Source records

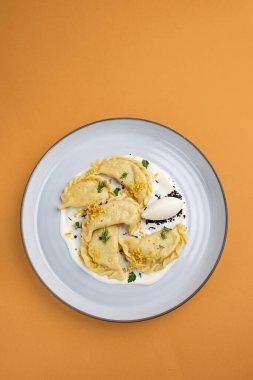 delicious Ukrainian dumplings with sauce on a plate.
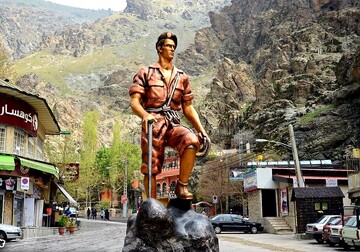 Darband mountaineer,  a memorable statue in northern Tehran, named national heritage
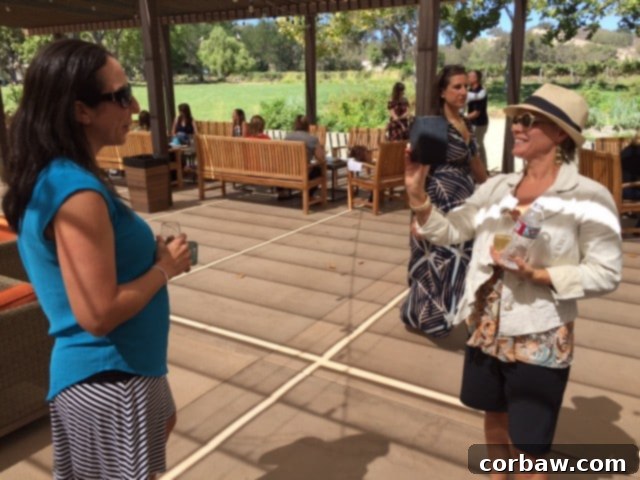 Cat Cora A close-up portrait of celebrity chef Cat Cora smiling warmly, highlighting her engaging personality.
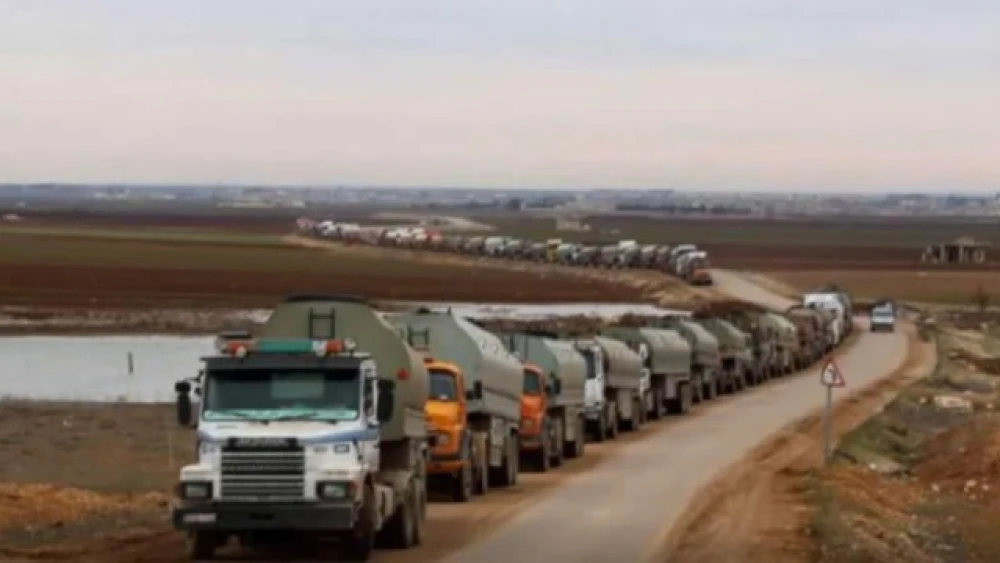 A convoy of more than 1,300 fuel tanker trucks bring Iranian fuel from a Syrian port to Lebanon Credit: Syria TV, Sept. 14, 2021.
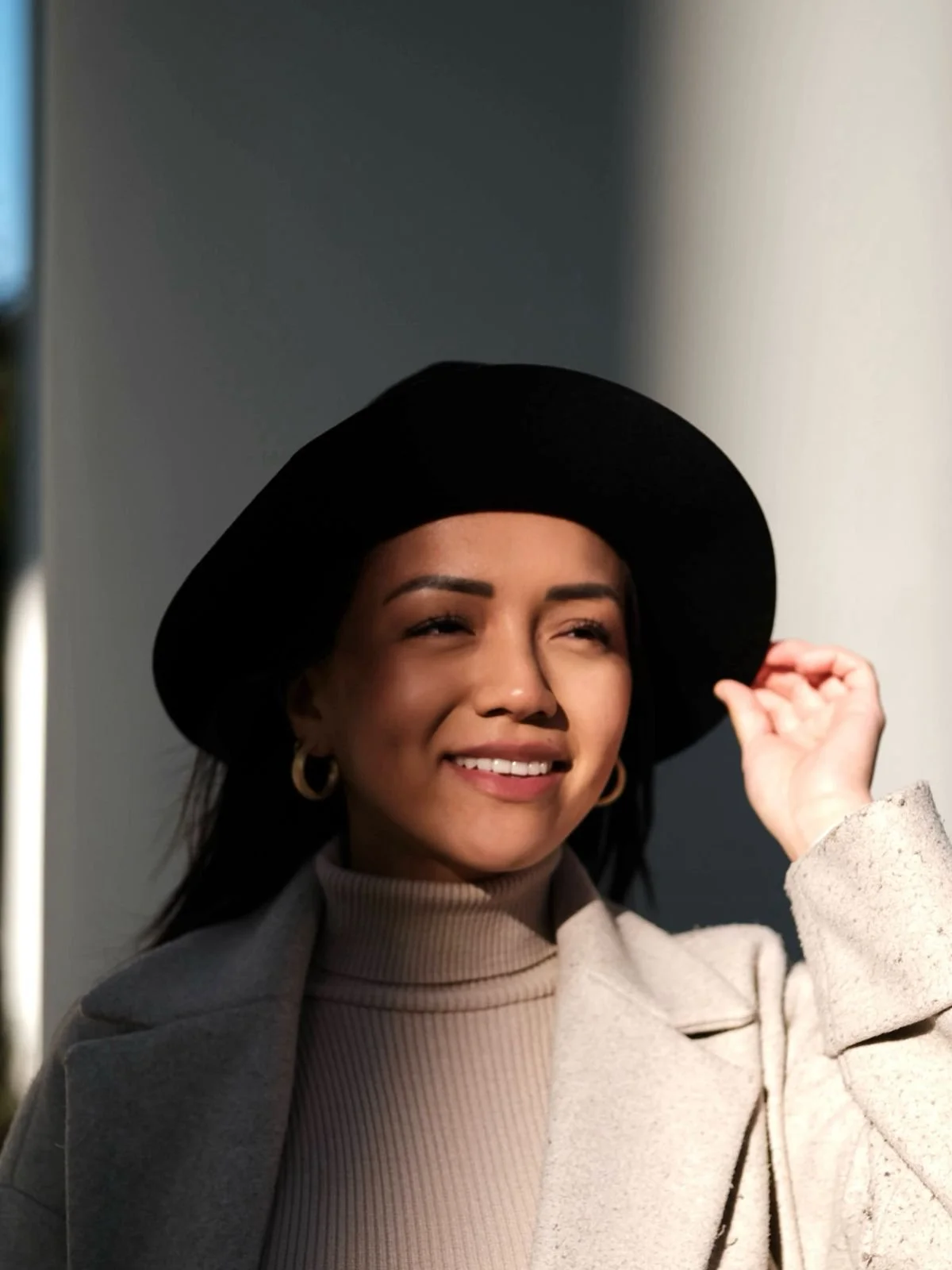 A woman with dark hair, wearing a beige turtleneck, hoop earrings, and a black hat, smiling and adjusting her hat in sunlight.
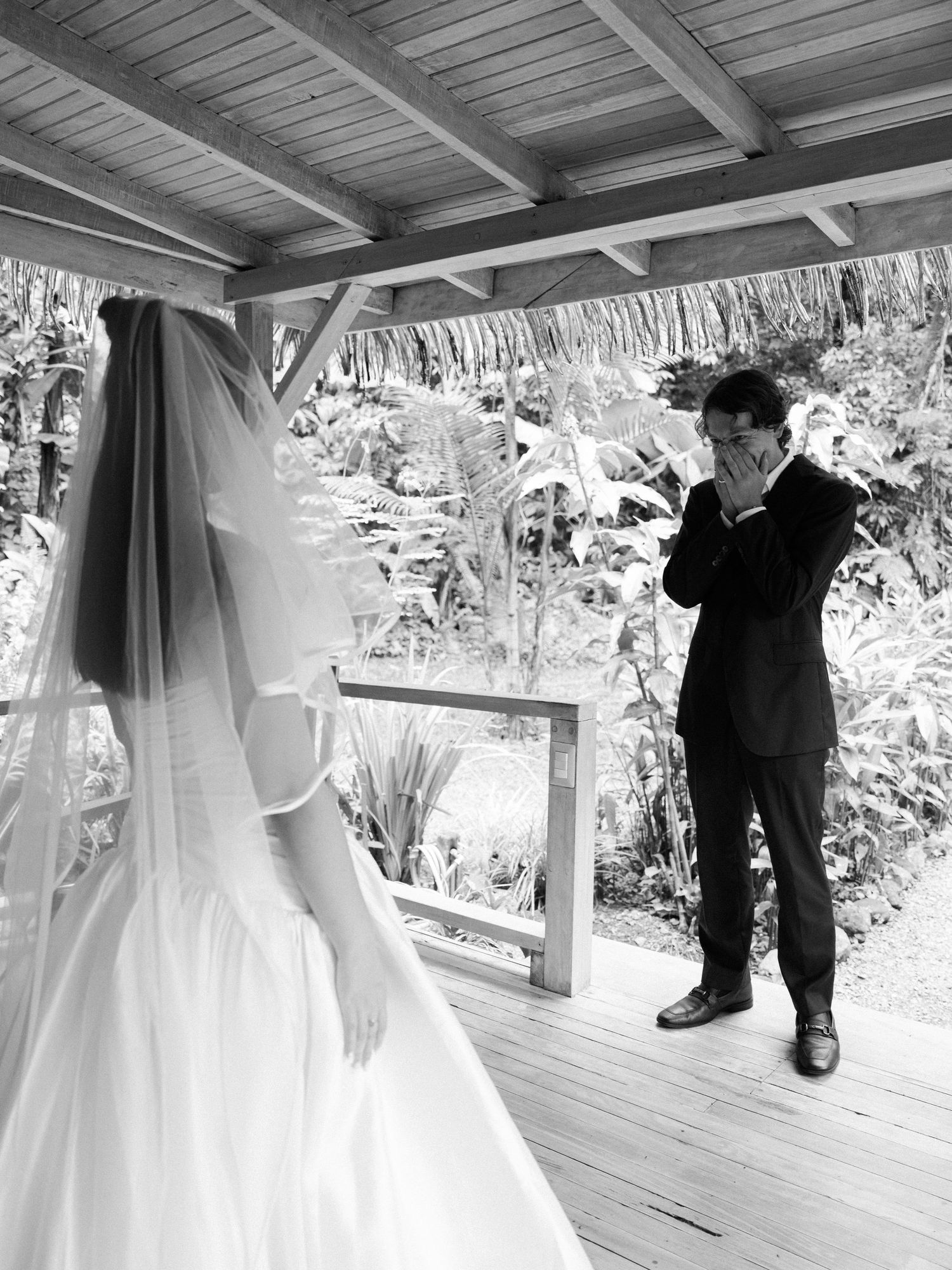 Black and white photo of first look moment between bride and groom on covered porch.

# Your objective:
Exactly as written, give every entry again, but not the pictures.

# Answer space:
 delicious Ukrainian dumplings with sauce on a plate.
 Darband mountaineer,  a memorable statue in northern Tehran, named national heritage
 Cat Cora A close-up portrait of celebrity chef Cat Cora smiling warmly, highlighting her engaging personality.
 A convoy of more than 1,300 fuel tanker trucks bring Iranian fuel from a Syrian port to Lebanon Credit: Syria TV, Sept. 14, 2021.
 A woman with dark hair, wearing a beige turtleneck, hoop earrings, and a black hat, smiling and adjusting her hat in sunlight.
 Black and white photo of first look moment between bride and groom on covered porch.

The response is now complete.